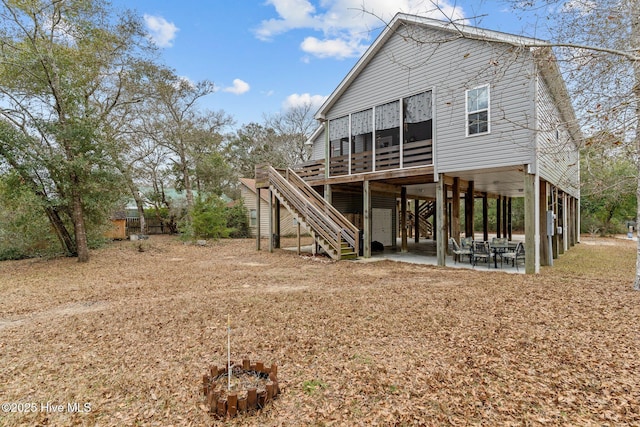 back of house featuring a patio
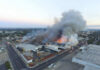 Chemical Implosion Turns Deadly: Workers Feared Missing A large industrial fire with thick smoke rising into the sky and firefighters responding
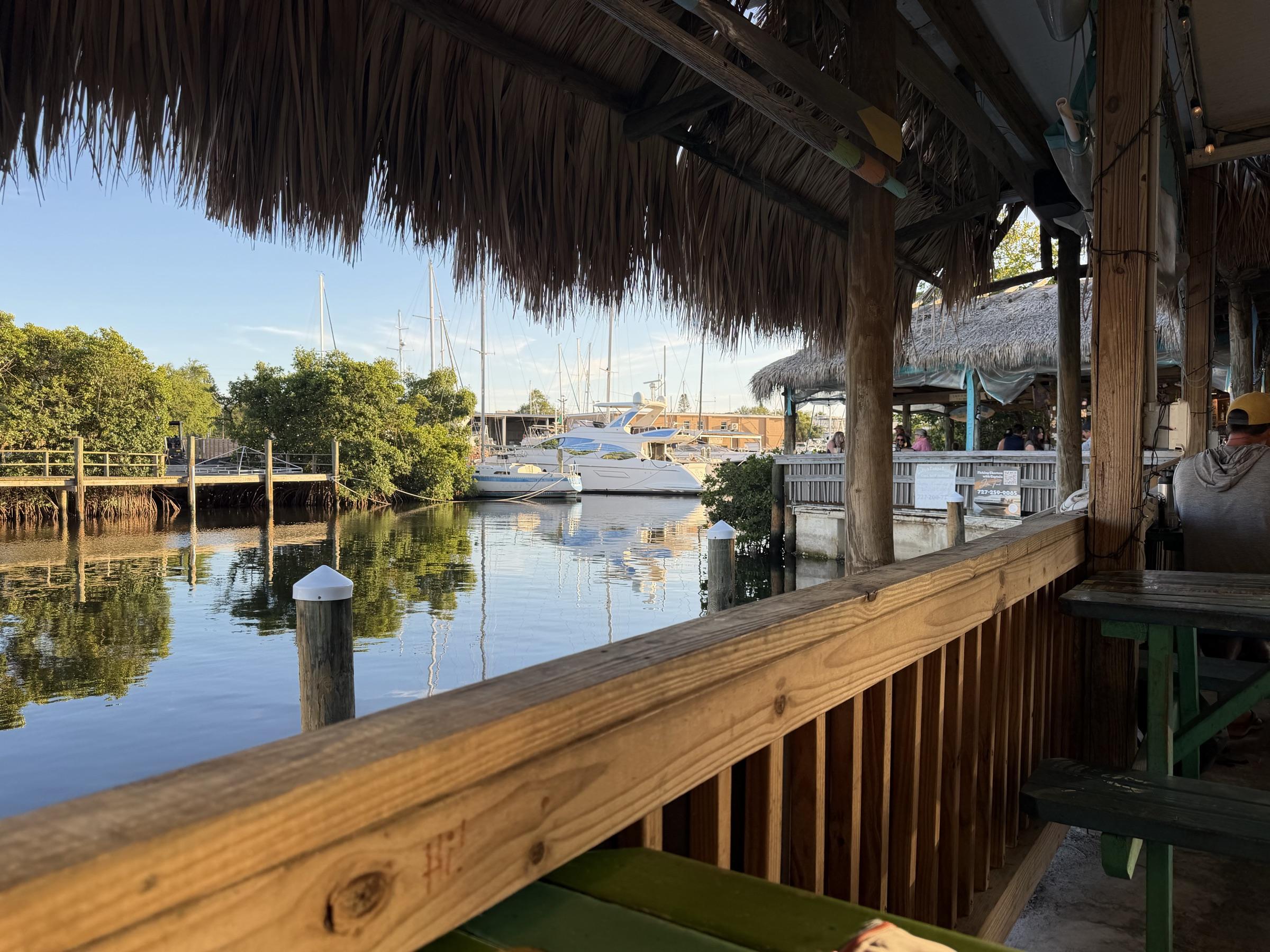 Tiki bar overlooking a marina at golden hour.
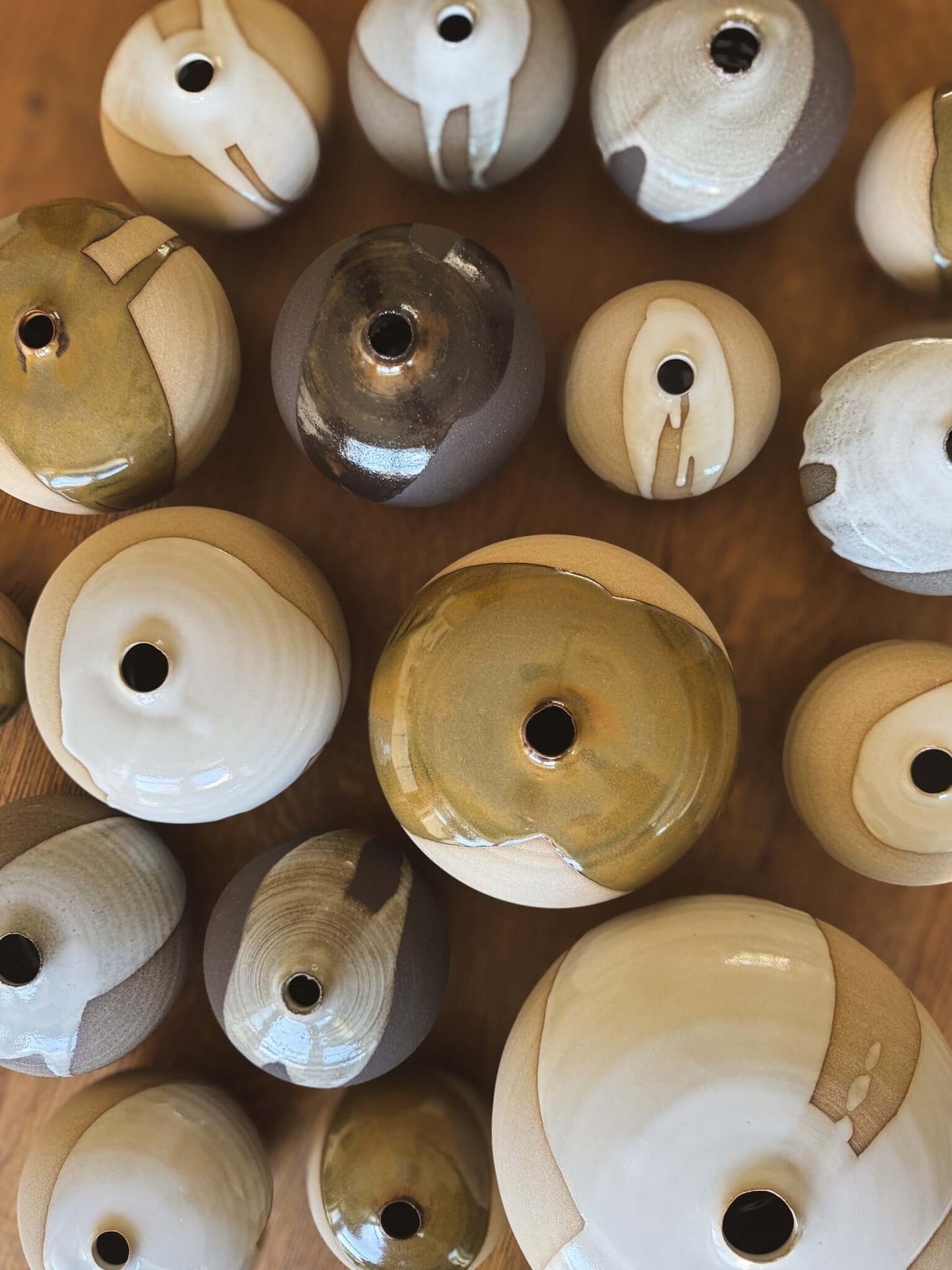 Collection of Orb Vase – #01 with varied glaze patterns and rounded shapes on a wooden surface.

* [WORK INSTRUCTION] Your task is to copy exactly the lines from the line containing "Chemical Implosion Turns" through the final line of the listing above and to omit every picture.

* [RESULT OF THE EXERCISE]
 Chemical Implosion Turns Deadly: Workers Feared Missing A large industrial fire with thick smoke rising into the sky and firefighters responding
 Tiki bar overlooking a marina at golden hour.
 Collection of Orb Vase – #01 with varied glaze patterns and rounded shapes on a wooden surface.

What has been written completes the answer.